GNR 1864 Steam Tender (Sturrock)

  • STURROCK’S LOCOMOTIVE ENGINES AND TENDERS. (1864)

    This controversial invention was the subject of much acrimony and discussion at the time. The tenders were converted into ordinary usage at a later date.

    ”The main object of this invention, by Archibald Sturrock, Locomotive Superintendent of the Great Northern Railway Doncaster, is to utilise the adhesion derived from the weight of the tender as a power to propel the train in addition to that of the engine proper instead of the engine, as under present circumstances, having the dead weight of the tender to draw.

    The invention consists in fitting auxiliary cylinders and engines on or to the tender, in connecting them through ordinary connecting rods in the usual manner to the wheels of the tender, in coupling all or some of the wheels of the tender, and in taking steam for the tender cylinders from the ordinary boiler which supplies the engine proper.

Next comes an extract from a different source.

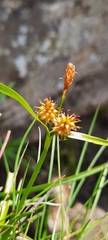 Carex lepidocarpa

    The invention also consists in forming the water tank in the tender with a false bottom, and in leading the exhaust steam from the tender cylinders into the chamber between the two bottoms. Sometimes, instead of forming the tender with a false bottom, the waste steam is made to circulate through a coil or series of pipes carried through the water in the tender; this steam heats the water in the tank, and the steam which is condensed in the chamber or pipes returns into the tender aud is forced by the pumps into the boiler.”